▸ REQUIREMENT
Skip the pictures, and retype the data below in full, exactly.

▸ DATASET SECTION
⁂

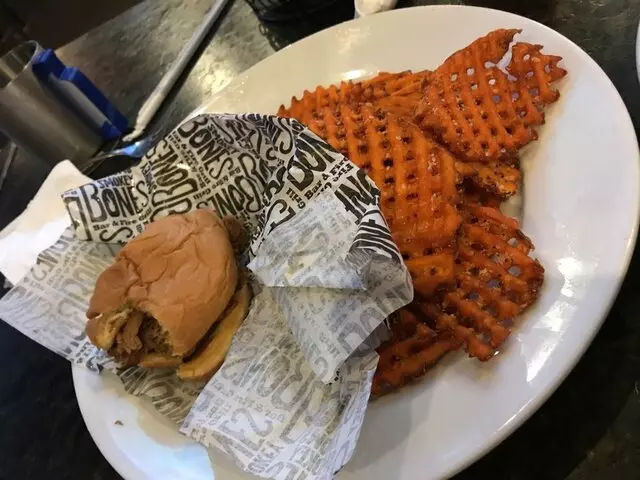 Smokey Bones Bar & Fire Grill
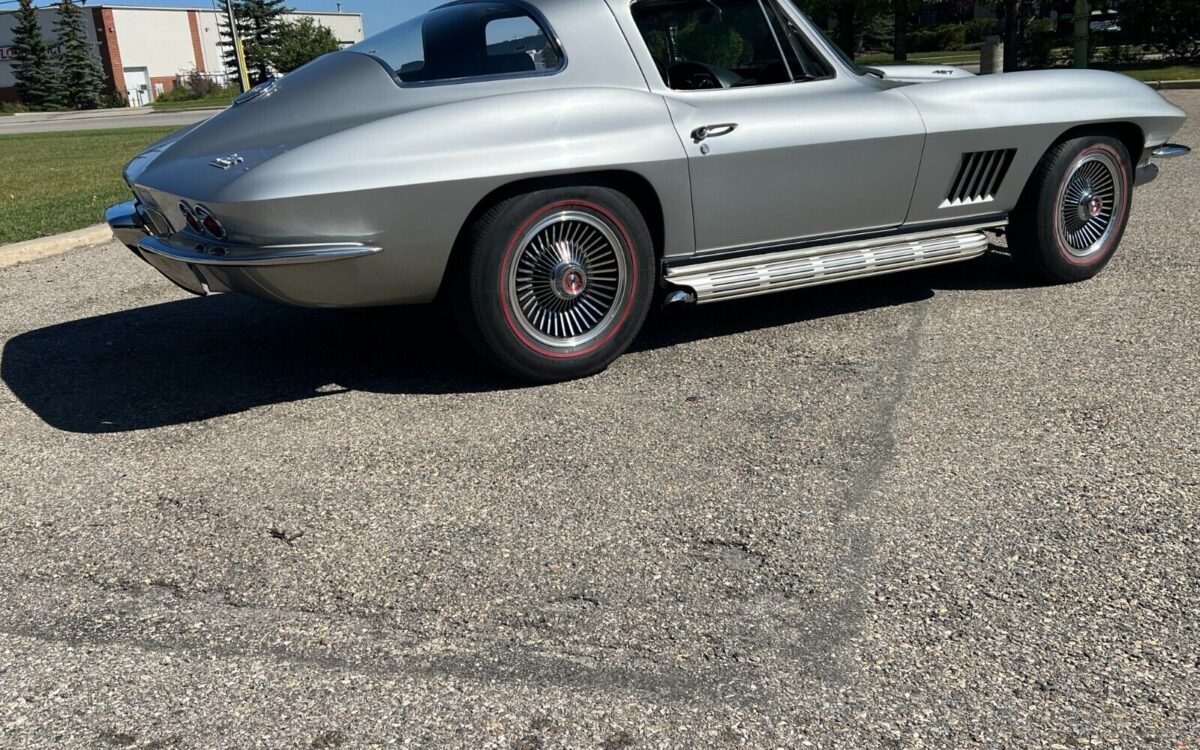 Chevrolet-Corvette-Coupe-1967-5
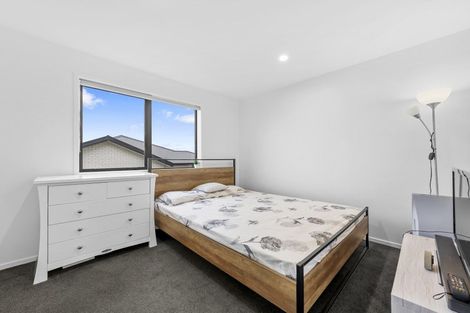 Photo of property in 11 Te Rata Boulevard, Karaka, 2124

⁂

▸ PROBLEM SOLUTION
 Smokey Bones Bar & Fire Grill
 Chevrolet-Corvette-Coupe-1967-5
 Photo of property in 11 Te Rata Boulevard, Karaka, 2124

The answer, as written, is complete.